[TASK ITEM]: Among the entries below, only the lines starting at the one with "Hotel Forum Ceao Y Lugo" and ending at the one with "TeeJay Higher Maths - James Cairns [KSIĄŻKA]", both included, are to be printed exactly.

[RECORDED INFORMATION]:
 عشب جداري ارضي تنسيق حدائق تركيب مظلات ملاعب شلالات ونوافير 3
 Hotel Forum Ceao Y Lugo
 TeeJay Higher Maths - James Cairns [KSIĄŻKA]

...

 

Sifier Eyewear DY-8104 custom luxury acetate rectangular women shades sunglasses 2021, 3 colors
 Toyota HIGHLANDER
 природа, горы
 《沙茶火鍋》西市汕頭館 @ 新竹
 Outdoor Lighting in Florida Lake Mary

==

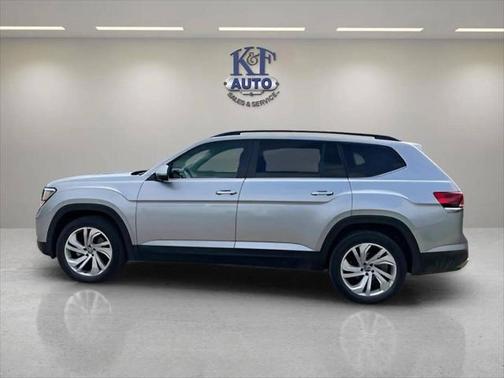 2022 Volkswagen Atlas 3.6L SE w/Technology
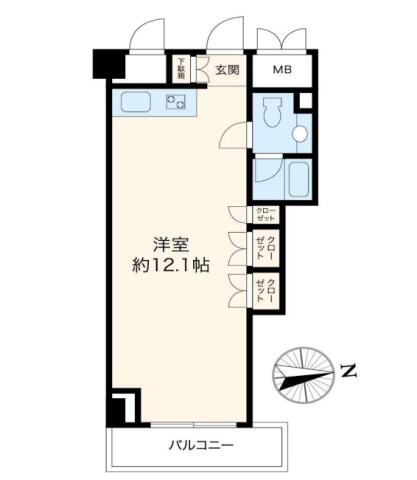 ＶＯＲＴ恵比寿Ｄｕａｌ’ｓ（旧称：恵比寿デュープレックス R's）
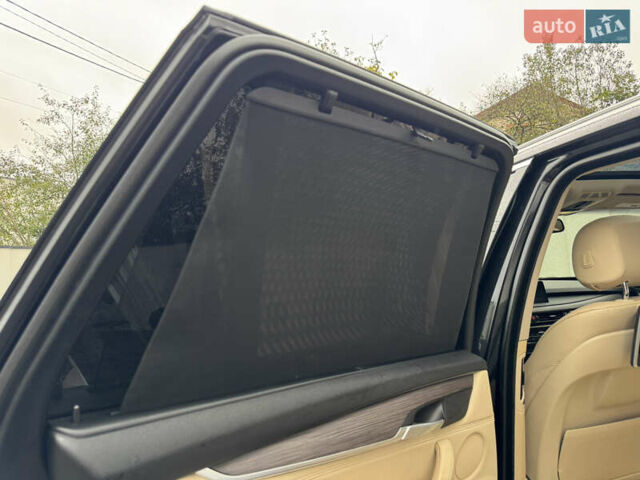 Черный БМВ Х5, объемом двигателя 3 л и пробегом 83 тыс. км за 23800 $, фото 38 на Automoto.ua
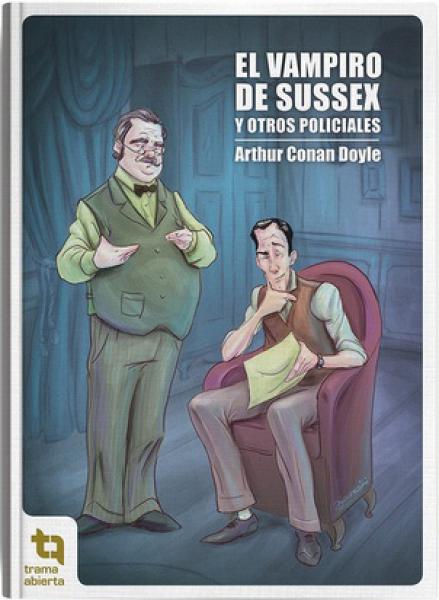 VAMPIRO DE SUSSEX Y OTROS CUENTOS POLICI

[TASK RESULT]:
 Hotel Forum Ceao Y Lugo
 TeeJay Higher Maths - James Cairns [KSIĄŻKA]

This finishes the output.